Yesterday I was shopping for a birthday present.  This lovely person enjoys thrift stores and shops at Goodwill regularly.  I started there first.  I wandered through the clothes and shoes – my weaknesses – and realized I didn’t know her size or particular taste.  Having gotten some bizarre clothing gifts in my past, I figured I better skip an absolute purchase unless something I knew she’d like jumped out at me.  I moseyed over to the housewares.  Geez, some of the china and glassware items were hideous! People buy that stuff?!  Or maybe not, because it was sitting there alone.  I couldn’t foist those things on her.  Somehow, I ended up looking at the movies.  Would she like “Down With Love” with Renee Zellwegger and some other guy whose name escapes me – Chris Whozit?  Nah.
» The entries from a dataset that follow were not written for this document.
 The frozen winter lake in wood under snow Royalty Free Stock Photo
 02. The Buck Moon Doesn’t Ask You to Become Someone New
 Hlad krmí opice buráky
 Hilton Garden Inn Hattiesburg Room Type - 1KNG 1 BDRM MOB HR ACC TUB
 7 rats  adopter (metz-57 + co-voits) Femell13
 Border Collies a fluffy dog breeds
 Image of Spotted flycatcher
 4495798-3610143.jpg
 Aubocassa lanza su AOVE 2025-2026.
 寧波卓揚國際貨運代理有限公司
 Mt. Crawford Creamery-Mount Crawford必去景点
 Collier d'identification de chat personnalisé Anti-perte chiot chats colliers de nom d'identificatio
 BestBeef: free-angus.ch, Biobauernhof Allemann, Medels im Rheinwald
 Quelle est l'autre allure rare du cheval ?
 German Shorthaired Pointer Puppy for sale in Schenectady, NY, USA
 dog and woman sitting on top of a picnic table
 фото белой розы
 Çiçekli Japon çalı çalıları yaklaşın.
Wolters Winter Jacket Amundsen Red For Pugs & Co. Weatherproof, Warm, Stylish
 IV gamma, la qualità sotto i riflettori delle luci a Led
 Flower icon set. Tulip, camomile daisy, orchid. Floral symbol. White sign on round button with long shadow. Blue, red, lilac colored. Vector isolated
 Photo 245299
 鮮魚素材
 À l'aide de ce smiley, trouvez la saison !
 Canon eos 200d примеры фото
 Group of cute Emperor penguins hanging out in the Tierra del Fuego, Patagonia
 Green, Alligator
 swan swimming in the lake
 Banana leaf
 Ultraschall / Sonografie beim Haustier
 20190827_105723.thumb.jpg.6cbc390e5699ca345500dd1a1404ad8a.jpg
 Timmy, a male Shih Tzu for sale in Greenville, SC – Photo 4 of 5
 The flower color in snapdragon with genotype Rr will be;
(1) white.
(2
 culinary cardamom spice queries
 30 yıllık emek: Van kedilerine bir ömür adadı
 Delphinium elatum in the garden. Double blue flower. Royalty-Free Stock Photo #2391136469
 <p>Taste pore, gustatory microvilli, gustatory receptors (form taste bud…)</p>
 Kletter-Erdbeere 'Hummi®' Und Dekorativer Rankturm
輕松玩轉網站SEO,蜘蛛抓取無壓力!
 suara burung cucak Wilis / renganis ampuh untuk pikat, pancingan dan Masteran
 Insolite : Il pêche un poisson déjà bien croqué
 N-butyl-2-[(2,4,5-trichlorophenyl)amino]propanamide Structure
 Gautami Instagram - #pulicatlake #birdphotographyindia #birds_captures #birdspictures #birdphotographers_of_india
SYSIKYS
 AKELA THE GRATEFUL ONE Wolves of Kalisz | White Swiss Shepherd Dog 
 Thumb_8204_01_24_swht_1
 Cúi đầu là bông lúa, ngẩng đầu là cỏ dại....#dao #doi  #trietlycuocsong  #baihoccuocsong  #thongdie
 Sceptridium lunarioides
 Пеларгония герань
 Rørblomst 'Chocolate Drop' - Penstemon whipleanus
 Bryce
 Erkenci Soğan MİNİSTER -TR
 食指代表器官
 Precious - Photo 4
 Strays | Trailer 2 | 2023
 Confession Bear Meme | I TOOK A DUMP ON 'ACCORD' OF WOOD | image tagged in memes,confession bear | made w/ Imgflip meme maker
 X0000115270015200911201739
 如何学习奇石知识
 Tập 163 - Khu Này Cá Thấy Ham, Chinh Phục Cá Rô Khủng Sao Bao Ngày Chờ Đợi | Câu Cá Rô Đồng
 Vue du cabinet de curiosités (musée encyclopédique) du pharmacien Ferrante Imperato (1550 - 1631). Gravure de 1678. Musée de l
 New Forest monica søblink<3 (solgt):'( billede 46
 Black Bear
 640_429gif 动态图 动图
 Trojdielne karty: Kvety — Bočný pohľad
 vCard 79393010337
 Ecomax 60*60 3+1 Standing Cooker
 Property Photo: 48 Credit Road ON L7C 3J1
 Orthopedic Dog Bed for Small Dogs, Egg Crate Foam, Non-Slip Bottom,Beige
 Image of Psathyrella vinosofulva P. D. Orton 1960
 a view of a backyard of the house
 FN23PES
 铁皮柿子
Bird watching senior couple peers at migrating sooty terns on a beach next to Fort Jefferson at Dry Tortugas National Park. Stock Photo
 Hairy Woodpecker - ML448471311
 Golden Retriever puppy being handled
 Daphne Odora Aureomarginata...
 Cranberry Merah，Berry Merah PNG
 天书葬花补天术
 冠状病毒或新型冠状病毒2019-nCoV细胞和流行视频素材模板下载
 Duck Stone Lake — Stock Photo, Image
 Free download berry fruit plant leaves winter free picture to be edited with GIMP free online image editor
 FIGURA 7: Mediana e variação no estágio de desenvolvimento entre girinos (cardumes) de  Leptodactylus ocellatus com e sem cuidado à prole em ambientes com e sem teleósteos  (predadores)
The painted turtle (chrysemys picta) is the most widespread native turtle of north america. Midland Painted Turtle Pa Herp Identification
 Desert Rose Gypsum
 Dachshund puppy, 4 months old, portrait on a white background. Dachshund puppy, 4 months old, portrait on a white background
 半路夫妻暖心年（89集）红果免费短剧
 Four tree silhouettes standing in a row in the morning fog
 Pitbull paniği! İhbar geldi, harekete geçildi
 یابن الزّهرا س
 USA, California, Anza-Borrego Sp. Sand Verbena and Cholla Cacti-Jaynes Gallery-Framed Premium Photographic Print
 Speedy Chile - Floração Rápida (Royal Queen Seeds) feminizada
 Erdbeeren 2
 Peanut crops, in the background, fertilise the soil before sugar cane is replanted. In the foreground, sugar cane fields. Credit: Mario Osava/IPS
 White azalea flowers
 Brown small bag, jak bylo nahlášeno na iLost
On to the books.  Margaret Cho’s book, I’m The One That I Want jumped out at me. I’d seen her before doing standup on TV and she’s a regular character on the show Drop Dead Diva.  Margaret Cho is…raw.  She’s Korean and she has a lot to say about that, being female, and coming out as bisexual.  She can be raunchy.  Honestly, she’s not my favorite because of that.  Sometimes another person’s truth – how they state it or portray it – can be off-putting. But the book intrigued me.

I started flipping through it. By all accounts, her childhood was difficult.  Her parents didn’t show her much approval; it’s not part of the culture.  She wasn’t skinny.  She didn’t appear to excel at anything at first.  What she desperately wanted was to be approved of.  She wanted to be white.  She wanted to be thin.  She absorbed what the culture valued and took that on herself. If you read on Wikipedia, you will see that she got into a performing arts high school and eventually turned to comedic routines.  She’s found a way to deal with her truth by discussing her parents, her old neighborhood, scorn of friends and rough relationships with men and women.

What hit me was the cycle of self-hatred.  Hey, I recognize that!  She starved herself to be thin, heeding the direct criticism of others as well as the media in general.  She tried to tone down her personality so others would like her.  She wanted to desperately to “fit in”.  The more she tried, the more miserable she became.

Sound familiar, anyone?

The quote that jumped out at me was this:  “Self-esteem is a hard-won battle”.  And I thought, Amen, sister!  Now, I want to go on record here saying that I don’t agree with all of Ms. Cho’s opinions, political stances or necessarily how she got to her truth. I’m not even saying she’s a role model.  But the point is that she got there.  After years of struggle, she stumbled on a piece of God’s truth. She decided to believe she was beautiful and worthy. She might not phrase it this way, but the reality of the Imago Dei within her started to rise up. She stopped starving herself.  She got clean.  Everyone *does* have to fight the self-esteem battle, even if you’re the most beautiful woman in the world. Eventually, someone will open their mouth and criticize you or you will fail at something you put your whole heart into. That includes you, Beyoncé!

And so, fighting my own demons today, I pick up the truth I know: the Bible. I have a fail-safe weapon. I strike back against the darkness and choose to believe what God says about me.  I am beautiful.  I am loved.  I have a purpose.  I am not forgotten, but written on the palm of His hand.  Because the truth will set you free, if you let it.  It wins every time.